START Information provided

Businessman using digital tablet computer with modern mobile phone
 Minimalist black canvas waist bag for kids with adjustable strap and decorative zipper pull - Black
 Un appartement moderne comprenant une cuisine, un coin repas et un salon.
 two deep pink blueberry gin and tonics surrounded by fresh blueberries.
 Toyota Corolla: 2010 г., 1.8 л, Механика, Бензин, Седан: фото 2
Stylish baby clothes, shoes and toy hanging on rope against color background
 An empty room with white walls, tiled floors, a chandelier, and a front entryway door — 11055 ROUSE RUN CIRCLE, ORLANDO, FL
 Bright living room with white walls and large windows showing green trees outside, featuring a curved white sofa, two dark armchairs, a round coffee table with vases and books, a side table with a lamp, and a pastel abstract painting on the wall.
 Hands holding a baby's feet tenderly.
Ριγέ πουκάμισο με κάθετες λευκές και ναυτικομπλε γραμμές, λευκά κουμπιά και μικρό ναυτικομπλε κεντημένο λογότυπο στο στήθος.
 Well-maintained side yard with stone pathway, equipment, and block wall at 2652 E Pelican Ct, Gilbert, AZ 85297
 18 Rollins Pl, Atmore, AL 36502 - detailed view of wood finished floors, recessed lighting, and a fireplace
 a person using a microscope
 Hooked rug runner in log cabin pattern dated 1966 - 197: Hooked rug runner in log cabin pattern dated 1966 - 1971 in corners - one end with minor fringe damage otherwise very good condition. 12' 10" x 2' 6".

END Information provided

What the exercise asks: Each line of the data must be set down again as it is.

Written solution:
Businessman using digital tablet computer with modern mobile phone
 Minimalist black canvas waist bag for kids with adjustable strap and decorative zipper pull - Black
 Un appartement moderne comprenant une cuisine, un coin repas et un salon.
 two deep pink blueberry gin and tonics surrounded by fresh blueberries.
 Toyota Corolla: 2010 г., 1.8 л, Механика, Бензин, Седан: фото 2
Stylish baby clothes, shoes and toy hanging on rope against color background
 An empty room with white walls, tiled floors, a chandelier, and a front entryway door — 11055 ROUSE RUN CIRCLE, ORLANDO, FL
 Bright living room with white walls and large windows showing green trees outside, featuring a curved white sofa, two dark armchairs, a round coffee table with vases and books, a side table with a lamp, and a pastel abstract painting on the wall.
 Hands holding a baby's feet tenderly.
Ριγέ πουκάμισο με κάθετες λευκές και ναυτικομπλε γραμμές, λευκά κουμπιά και μικρό ναυτικομπλε κεντημένο λογότυπο στο στήθος.
 Well-maintained side yard with stone pathway, equipment, and block wall at 2652 E Pelican Ct, Gilbert, AZ 85297
 18 Rollins Pl, Atmore, AL 36502 - detailed view of wood finished floors, recessed lighting, and a fireplace
 a person using a microscope
 Hooked rug runner in log cabin pattern dated 1966 - 197: Hooked rug runner in log cabin pattern dated 1966 - 1971 in corners - one end with minor fringe damage otherwise very good condition. 12' 10" x 2' 6".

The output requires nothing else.